Abgeordneter Dr. EINEM (S) merkte zunächst an, dass der Post-Nizza-Prozess eine Zweidrittel-Mehrheit im Nationalrat brauche, und forderte die Außenministerin daher zu Gesprächen auch mit der Opposition auf.

Den Schwerpunkt seiner Ausführungen legte Abgeordneter Einem auf die geplante Interessengemeinschaft mit den MOEL-Ländern. Er hätte sich konkretere Auskünfte über dieses Konzept gewünscht, da auch die SPÖ für eine gleichberechtigte Partnerschaft mit den Erweiterungsländern eintrete. Sie unterstützt die wirtschaftliche Entwicklung in den Erweiterungsländern, weil dies die beste Voraussetzung gegen die Befürchtung sei, es könnten zu viele Menschen aus diesen Ländern zu uns kommen, um hier zu arbeiten. Er halte es aber nicht für angebracht, mit diesen Ländern wie mit Entwicklungsländern zu sprechen, "denen wir vorschreiben, wie sie sich zu verhalten haben". Außerdem vermisste Einem in dieser Frage eine einheitliche Haltung der Regierung.

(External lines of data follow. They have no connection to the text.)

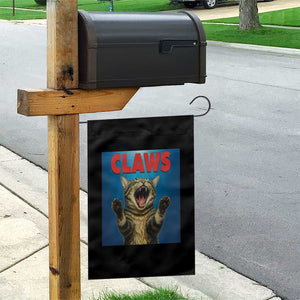 Funny Claws Cat Garden Flag Horror Movie Parody TS12 Print Your Wear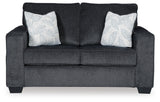 Altari Slate Sofa, Loveseat and Recliner - Ornate Home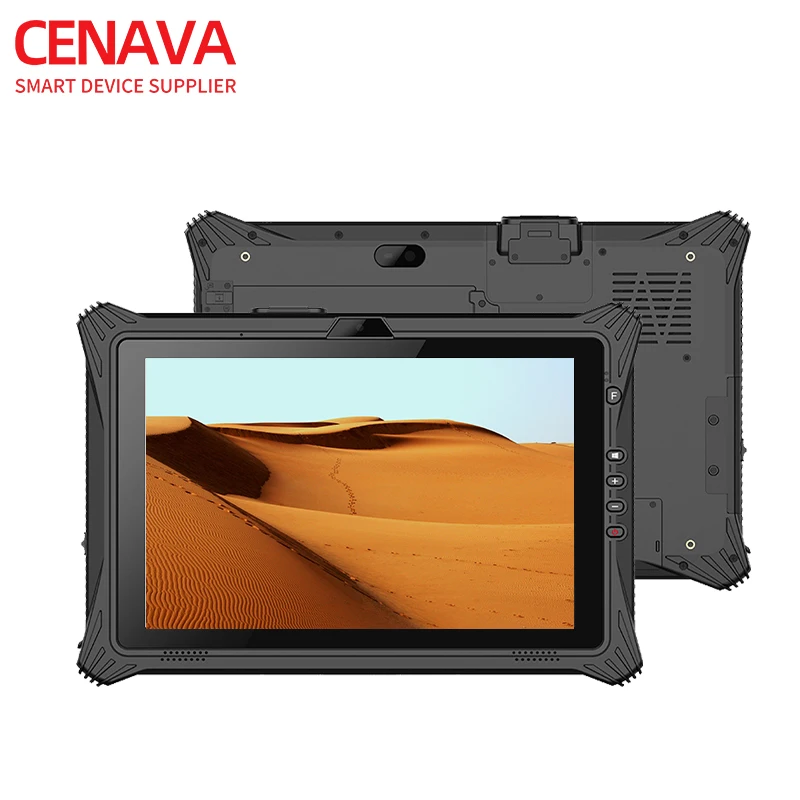 

Cenava Waterproof 12.2" screen size wall mount capacitive touch screen rugged win10 rugged tablet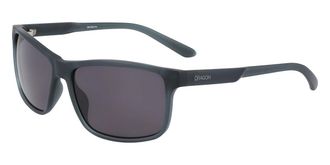 Dragon Dragon DR COUNT UPCYCLED LL 020 Mens Sunglasses Grey Size 58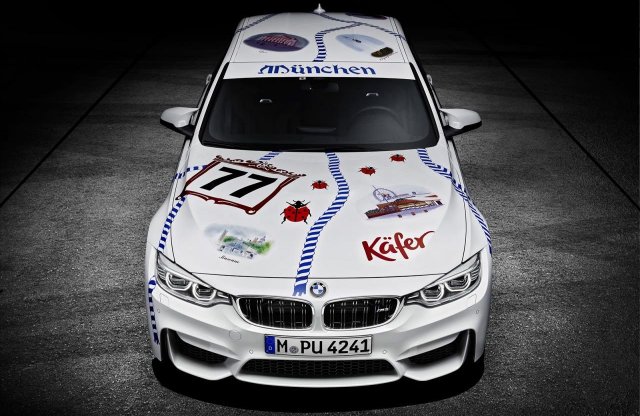 Bajor külsőbe bújt a BMW M3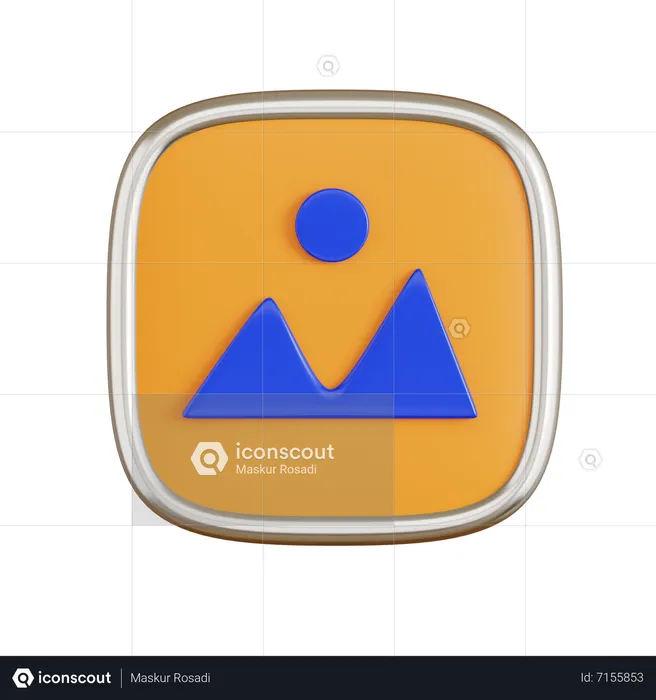 Image  3D Icon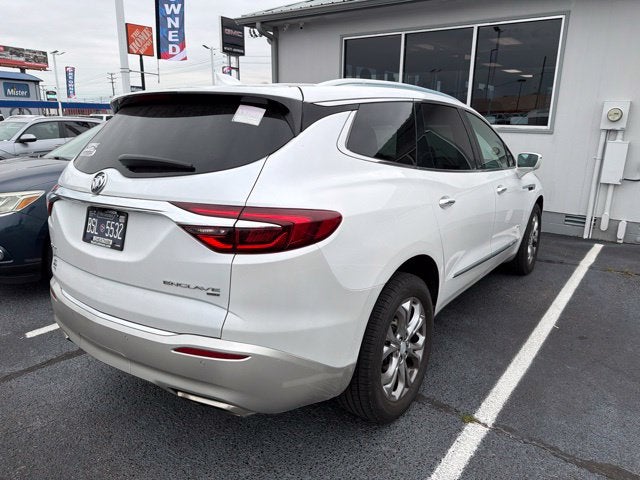 2018 Buick Enclave Avenir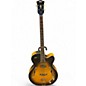 Used Hofner 500/5 Contemporary Series President Sunburst Electric Bass Guitar thumbnail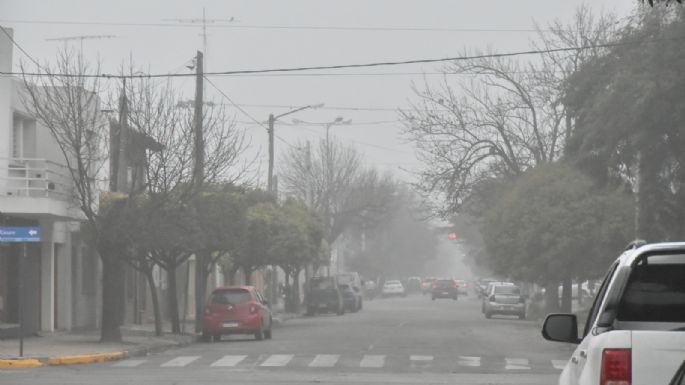 Lloviznas y niebla en el inicio de las vacaciones de invierno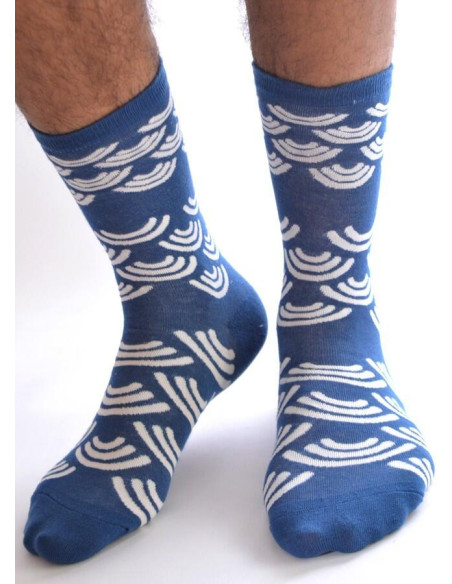 Chaussettes Nuages Abstraits homme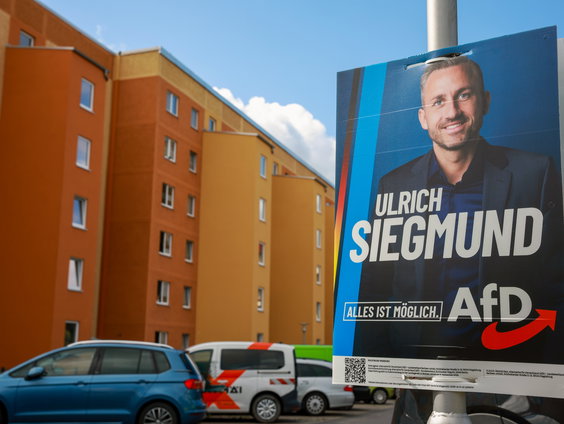 Maakt Duitsland een ruk naar rechts?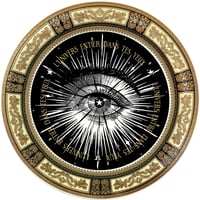 Image 1 of Lover's Eye - Dark Univers - Fine China Plate - #0781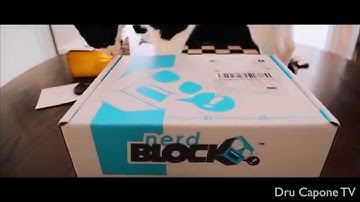 JANUARY 2015 NERD BLOCK UNBOXING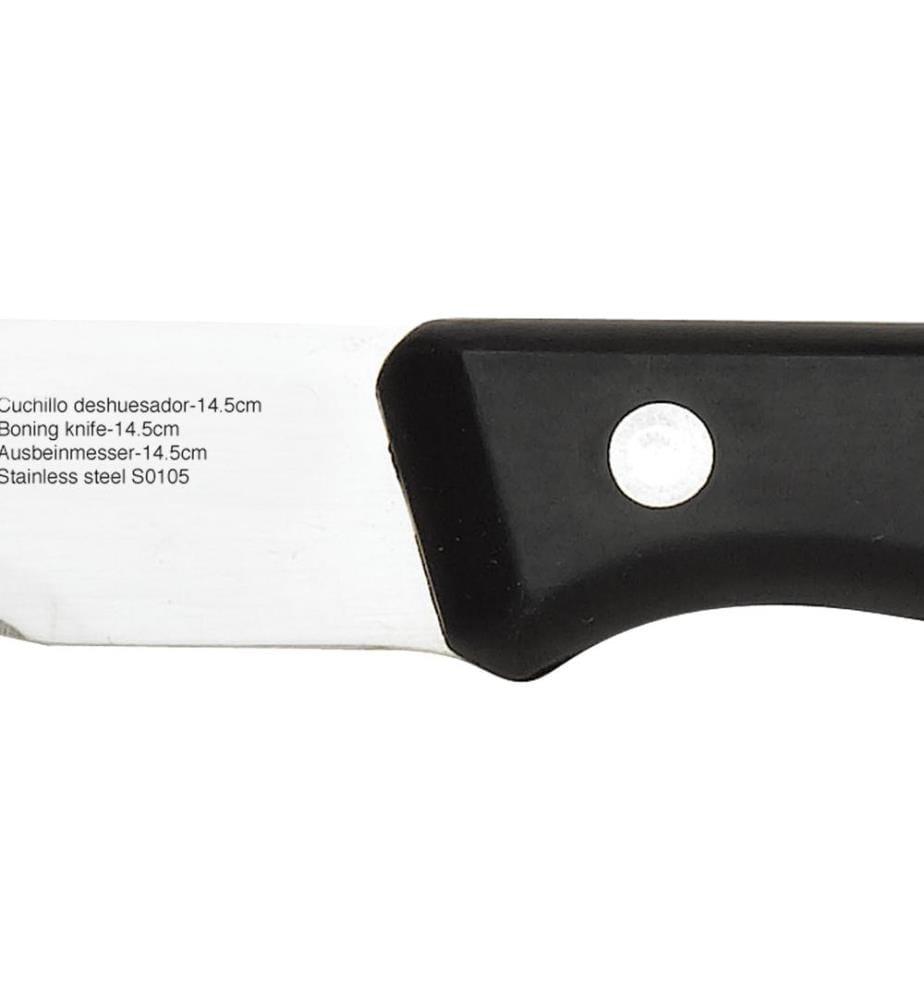 Set of 15 Knives - Black Brown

In der Frage der Vergangenheit sei die SPÖ dafür, sie aufzuarbeiten und Vertreibungen der Zivilbevölkerung als Unrecht zu betrachten. "Wir wollen die Geschichte nicht umkehren, aber Probleme lösen, die aus der Geschichte übrig geblieben sind".

Im bilateralen Bereich sagte Einem der Ministerin Unterstützung zu, fragte sich aber beim Konzept "Strategische Partnerschaft", welche Länder hier ausgeschlossen werden sollen, was jene Länder denken sollen, die nicht besondere Partner Österreichs sein sollen, und ob dies nicht auch Nachteile für Österreich haben könnte. Einem schlug vor, auf große Worte zu verzichten und warnte davor, mit der Strategischen Partnerschaft auf die schlechte Behandlung Österreichs durch den Westen zu reagieren.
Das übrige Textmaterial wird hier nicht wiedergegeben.